Automated AI red teaming now reaches runtime guardrails

By NHI Mgmt Group Editorial TeamPublished 2026-06-07Domain: AnnouncementsSource: Lasso Security

TL;DR: Lasso’s expanded automated AI red teaming adds cloud agent discovery across AWS and Google Vertex, OWASP Agentic Top 10 mapping, and one-click runtime policy generation, with scans that can run in as little as 15 to 20 minutes after change, according to Lasso Security. The deeper implication is that agent security is becoming a continuous identity and policy loop, not a one-time model test.

At a glance

What this is: Lasso Security’s expanded automated AI red teaming combines agent discovery, multi-turn attacks, and runtime policy generation to turn findings into guardrails.

Why it matters: It matters because IAM, NHI, and AI governance teams now need to treat agent behaviour, tool access, and runtime policy as one control surface rather than separate workstreams.

By the numbers:

The platform can rerun targeted scans in 15-20 minutes after a change, according to Lasso Security.

👉 Read Lasso Security's expanded automated AI red teaming update

Context

AI red teaming for agentic systems is no longer just about testing model prompts in isolation. Once an application can call tools, remember context, and reach into cloud-hosted data sources, the security question becomes whether identity, access, and runtime policy can keep pace with the agent’s changing behaviour.

The primary governance gap is that many teams still validate AI systems as if they were static applications.
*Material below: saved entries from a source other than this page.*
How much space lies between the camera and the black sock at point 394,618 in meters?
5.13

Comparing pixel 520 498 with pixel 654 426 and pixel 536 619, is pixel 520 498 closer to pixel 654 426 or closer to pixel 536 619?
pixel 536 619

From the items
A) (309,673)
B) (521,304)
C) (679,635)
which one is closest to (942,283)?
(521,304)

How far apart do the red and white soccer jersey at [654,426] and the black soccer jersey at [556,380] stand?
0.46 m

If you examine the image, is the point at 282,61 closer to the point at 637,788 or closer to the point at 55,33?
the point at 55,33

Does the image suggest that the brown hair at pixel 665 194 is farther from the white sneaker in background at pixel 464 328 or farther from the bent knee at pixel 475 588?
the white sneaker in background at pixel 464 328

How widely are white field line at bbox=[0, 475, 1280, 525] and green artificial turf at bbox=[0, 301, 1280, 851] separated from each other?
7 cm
In practice, every new MCP server, API, memory layer, or cloud agent integration expands the identity attack surface and creates a policy problem that sits between NHI governance and emerging agentic AI controls.

Key questions

Q: How should security teams govern AI agents that can call tools and reach cloud data?
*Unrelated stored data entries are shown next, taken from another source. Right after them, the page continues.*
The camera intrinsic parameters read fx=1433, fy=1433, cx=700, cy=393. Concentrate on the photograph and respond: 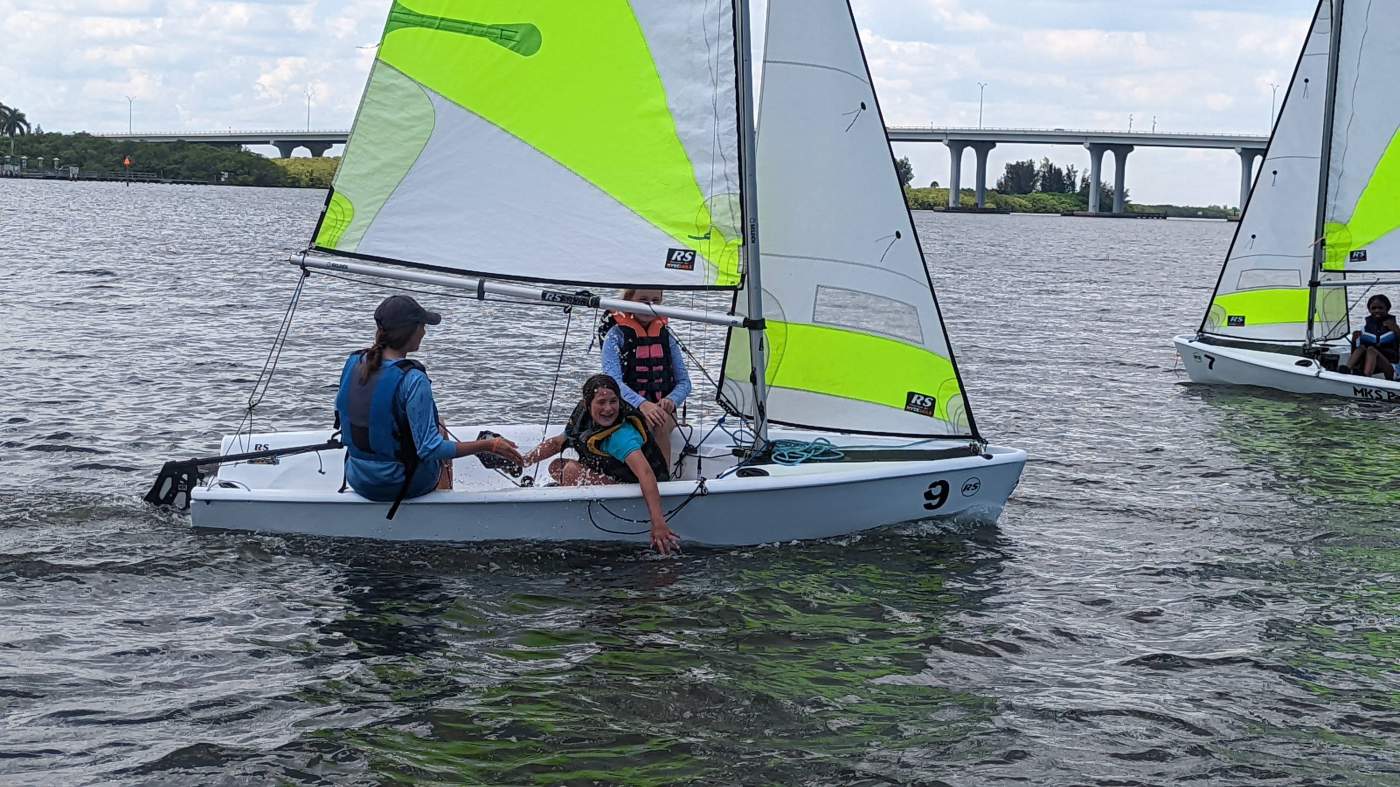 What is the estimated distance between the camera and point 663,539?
28.3 feet

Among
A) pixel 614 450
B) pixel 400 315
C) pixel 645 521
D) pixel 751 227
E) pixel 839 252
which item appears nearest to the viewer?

A: Security teams should govern AI agents as dynamic identity subjects, not static applications. That means inventorying their tool access, cloud reach, memory, and retrieval dependencies, then mapping each capability to an enforced runtime boundary. If an agent can change what it touches during execution, governance has to follow the behaviour, not just the deployment record.

Q: When does AI red teaming need to move from periodic testing to continuous testing?

A: Continuous testing becomes necessary when model updates, new integrations, or prompt changes can alter agent behaviour without a code rewrite. If a new API, MCP server, or data source expands the reachable surface, a calendar-based test is no longer enough. Change-triggered red teaming keeps the control posture aligned with the system’s actual identity scope.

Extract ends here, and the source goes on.